Lectures and Victorian Tea

Schedule

Description

Based on her discovery of a major collection of photographic material and private papers, award-winning writer and photo editor Donna Lucey returns to Ventfort Hall Mansion and Gilded Age Museum to give an slide presentation and talk on “Photographing Montana, 1894 – 1928:  The Life Work of Evelyn Cameron”. Lucey will lecture at the historic house on Wednesday, September 1, at 4:00pm, and autograph copies of her book of the same title at a Victorian Tea. This will be the concluding presentation in Ventfort Hall's Summer 2010 Lecture Series.

 

In 1889, British honeymooners Evelyn and Ewen Cameron arrived in the remote badlands of eastern Montana Territory. An unlikely couple in an unlikely place, Evelyn had married Ewen despite her wealthy family’s objections to this naturalist, 14 years her senior with few financial prospects. As Evelyn’s photographs portray, the harsh life of frontier Montana was an extreme contrast to upper class English life. Both Evelyn and Ewen thrilled at the outdoors life and hunting, while the latter carried on his activity as an expert birder. 

 

At the same time that Ewen was having little financial success, Evelyn in 1894 began her pursuit of photography. Although Kodak had developed the “snapshot” by then, Evelyn chose the older and more exacting techniques of dry-plate glass photography. With time she mastered her art, becoming one of the most sought-after photographers in Montana. She continued to chronicle the lives of the people and the cruel reality of daily existence, the variety of wildlife and the dramatic landscape of her adopted homeland until her death in 1928.

 

Lucey's presentation accompanies Ventfort Hall's exhibition titled “Dreaming of the West: Reality and Romance” that opened in May and features Cameron’s nearly forgotten photographs and the mid 20th century paintings of Native American culture by Alfred G. Vetromile.

 

The exhibition would not have been possible without Lucey’s discovery of Cameron’s work.  In the late 1970’s, while researching a book on women pioneers in the West, Lucey heard about a cache of glass-plate negatives belonging to Janet Williams, a 95-year-old farm woman in eastern Montana. One of the original homesteaders in the area, Williams had been Evelyn’s best friend and surrogate daughter. 

 

On Evelyn’s death, Williams stored away all of her friend’s 1,800’s negatives, 2,500 prints and private papers and resisted all efforts to make them public. Consequently, Evelyn’s work and name was almost entirely unknown.

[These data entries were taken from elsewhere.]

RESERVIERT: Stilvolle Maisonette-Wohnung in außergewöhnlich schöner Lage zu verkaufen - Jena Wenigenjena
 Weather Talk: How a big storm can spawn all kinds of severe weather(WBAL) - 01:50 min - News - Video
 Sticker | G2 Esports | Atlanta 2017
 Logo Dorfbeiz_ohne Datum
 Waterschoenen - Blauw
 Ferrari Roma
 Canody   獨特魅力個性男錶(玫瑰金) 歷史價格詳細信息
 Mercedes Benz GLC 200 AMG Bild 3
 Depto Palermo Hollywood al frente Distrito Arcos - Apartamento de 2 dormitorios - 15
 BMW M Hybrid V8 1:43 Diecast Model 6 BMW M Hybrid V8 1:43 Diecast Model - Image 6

After much persuasion, Williams finally allowed Lucey access to this historical treasure. The result was her book, Photographing Montana 1894-1928: The Life and Work of Evelyn Cameron, which won the Mountain and Plains Booksellers Association award for Best Work of Non-Fiction in 1991. She was also script consultant for an award-winning PBS documentary on Cameron.

 

Lucey is currently at work on a book about the lives of five extraordinary women painted by John Singer Sargent. Her most recent biography, Archie & Amelie:  Love and Madness in the Gilded Age, about which she lectured last year at Ventfort Hall, was a finalist as the Best Work of Non-Fiction, as well as the People’s Choice Award, at the 2007 Library of Virginia Literary Awards. Previous books include I Dwell in Possibility: Women Build a Nation, 1600 - 1920 and National Geographic Guide to America’s Great Houses.  Lucey has been interviewed on TV and has been a freelance writer and photo editor for numerous magazines and for several book publishers.